Personal information
- Full name: Charles Snell
- Born: 10 January 1888 Kialla West, Victoria, Australia
- Died: 1 April 1977 (aged 89) Foster, Victoria, Australia

Team information
- Role: Rider
- Rider type: Long-Distance Road Race

Professional team
- 1914: Cycles Gladiator

Major wins
- Barnet Glass Road Race from Bendigo to Melbourne 1911

= Charles Snell =

Australian cyclist

Charles Snell (10 January 1888 – 1 April 1977) was an Australian racing cyclist who was a member of the first team of Australians that was to take part in the 1914 Tour de France.

== Biography ==
Snell's cycling career started in 1909 when he participated as a courier in the Dunlop Relay Despatch Ride from Adelaide to Sydney, racing close to his hometown from Balmattum to Baddaginnie. After taking his career more seriously the next season, he went on to his first success in 1911, winning blue ribbon (fastest time) in the Barnet Glass Road Race from Bendigo to Melbourne.

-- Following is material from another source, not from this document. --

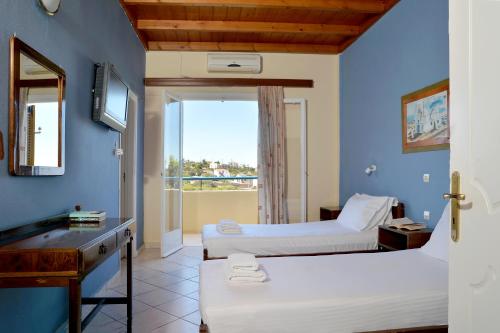 a hotel room with two beds and a window at Vagia Beach Apartments, Aegina Island in Vaia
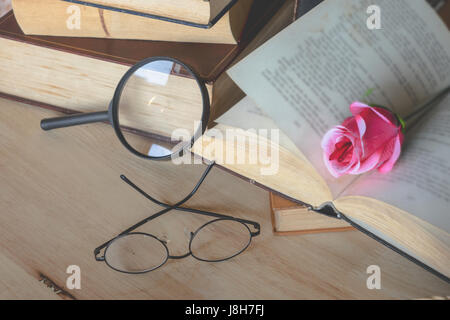 Rose notebook magnifying glasses wood background. Stock Photo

In 1914, Snell, together with Iddo "Snowy" Munro, Don Kirkham, Charlie Piercey and George Bell, became part of the first team of Australian Cyclists to head off for racing in Europe, with the objective to be competing in the Tour de France. Initially, the team rode as professionals for the Paris-based Gladiator Cycles & Clement Tyre team, competing in classic races like Milan–San Remo., Paris–Roubaix, Paris-Bruxelles, Paris-Nancy, and the Tour of Belgium. Eventually, only Munro and Kirkham were selected for participation in the Tour de France

After the Tour de France, Snell returned to Australia; in early August 1914 he left for Melbourne with Don Kirkham and George Bell. He continued to race in Australia until the mid 1920s. His younger brother, John George, was active in road racing as well.